Work instruction:
Word for word, copy the listing below and leave out its images.

········

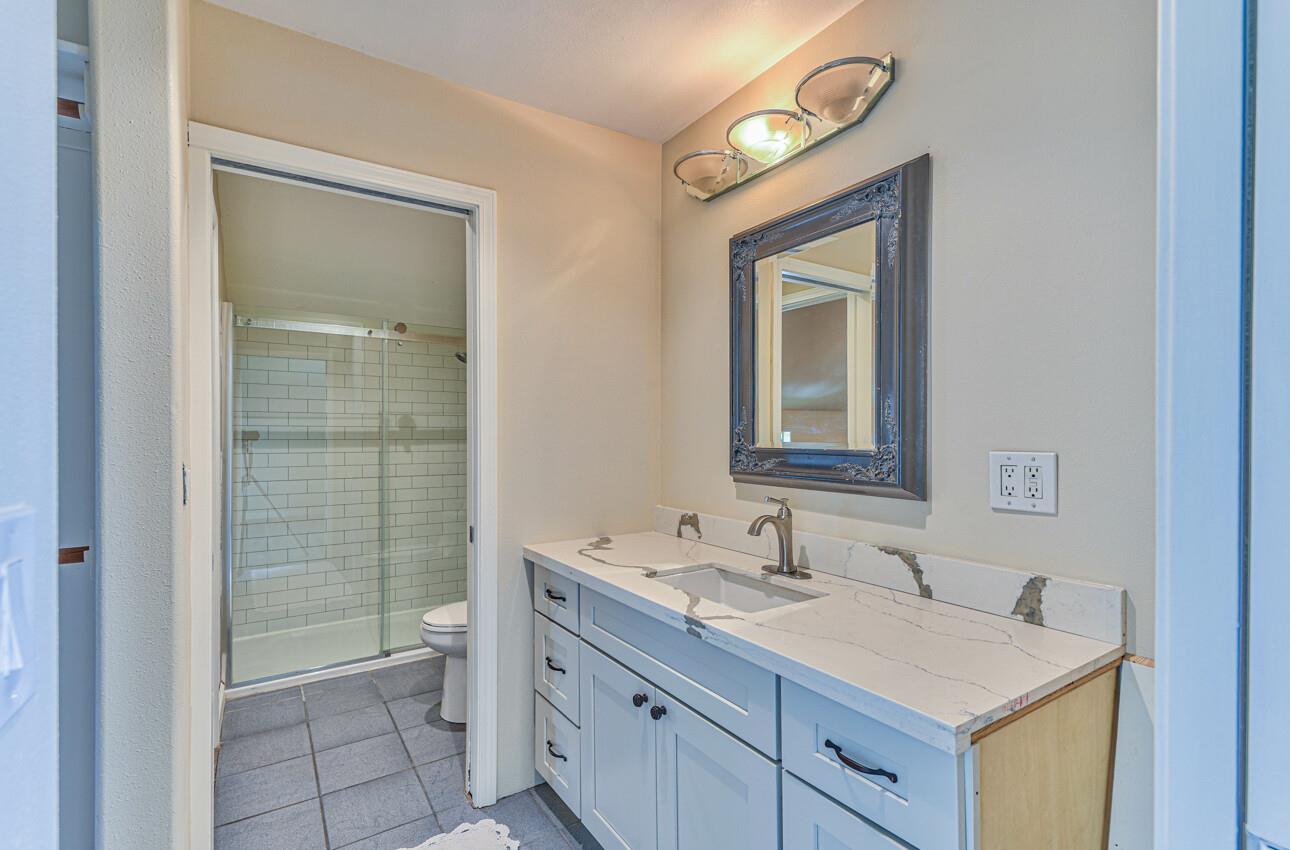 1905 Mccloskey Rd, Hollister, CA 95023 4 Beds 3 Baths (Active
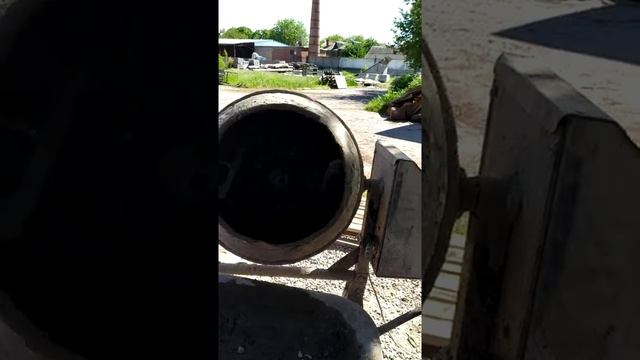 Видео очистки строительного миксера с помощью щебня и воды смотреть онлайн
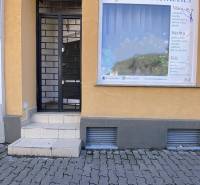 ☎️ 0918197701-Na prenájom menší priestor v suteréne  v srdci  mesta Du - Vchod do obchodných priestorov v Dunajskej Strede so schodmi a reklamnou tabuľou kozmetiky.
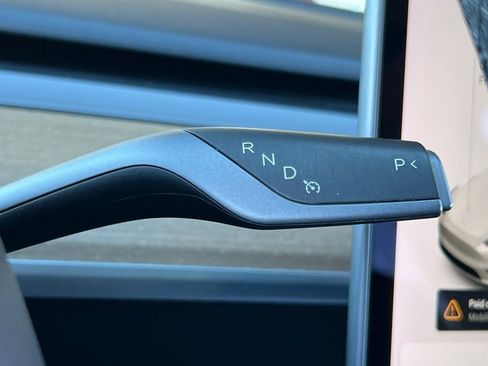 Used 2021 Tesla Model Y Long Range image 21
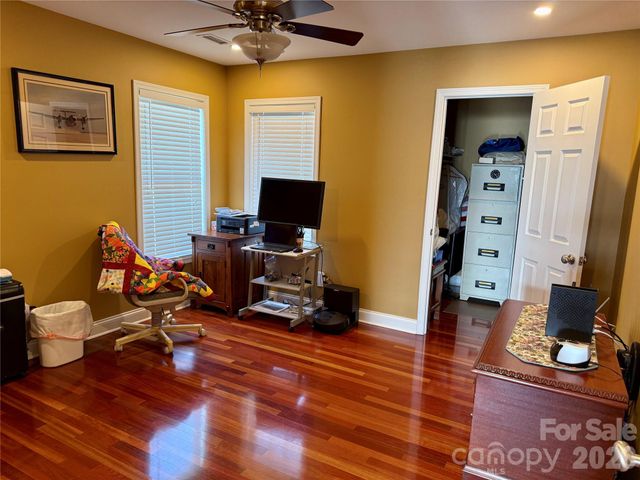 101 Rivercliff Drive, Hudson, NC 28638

········

Solution to this problem:
 1905 Mccloskey Rd, Hollister, CA 95023 4 Beds 3 Baths (Active
 Видео очистки строительного миксера с помощью щебня и воды смотреть онлайн
 ☎️ 0918197701-Na prenájom menší priestor v suteréne  v srdci  mesta Du - Vchod do obchodných priestorov v Dunajskej Strede so schodmi a reklamnou tabuľou kozmetiky.
 Used 2021 Tesla Model Y Long Range image 21
 101 Rivercliff Drive, Hudson, NC 28638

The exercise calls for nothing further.